As for an MMO that is a radical deviation from the existing zone based patterns typically used, and, to a degree, utilizing an (virtual) actor model, this is what I was playing with in my head (and only prototyped a little). I want to be clear, I'm not suggesting the below, as it's completely unproven, just sharing some thinking I'd previously done on this subject.

:) Maybe I should join 343 industries!

What you are describing is very similar to what I thought. I'm not sure if the physics server should be in Orleans at all and I guess maybe a C++ based fast one is the best option with a fully deterministic integer based calculation engine.

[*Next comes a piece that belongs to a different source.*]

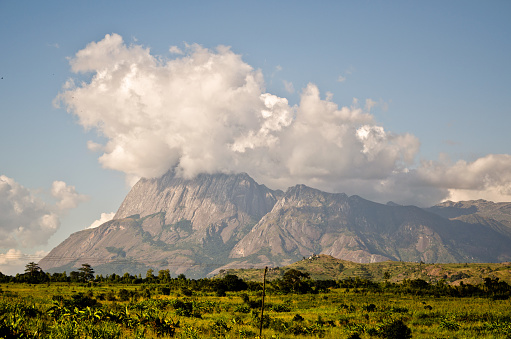 Capped with clouds, Mount Mulanje rises above southern Malawi.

The thing that big world engine does and we did in PikkoServer with headless unity instances was synchronous zone servers written in normal game engines which didn't work well at all.I linked to Pikko from #2482 http://developer.muchdifferent.com/unitypark/PikkoServer

I guess limits can be pushed and we can do better. EVE online uses stackless python for zone logic but I am not sure if they run game logic in parallel or not, I guess they might partially do. I've worked a bit with one of their former engineers of CCP which thinks async zone servers with a good management of AOI and async physics should be the only way to do it. Let's see how it will go forward. I highly highly enjoyed talking about it to someone who understands it very well. Thank you for the discussion.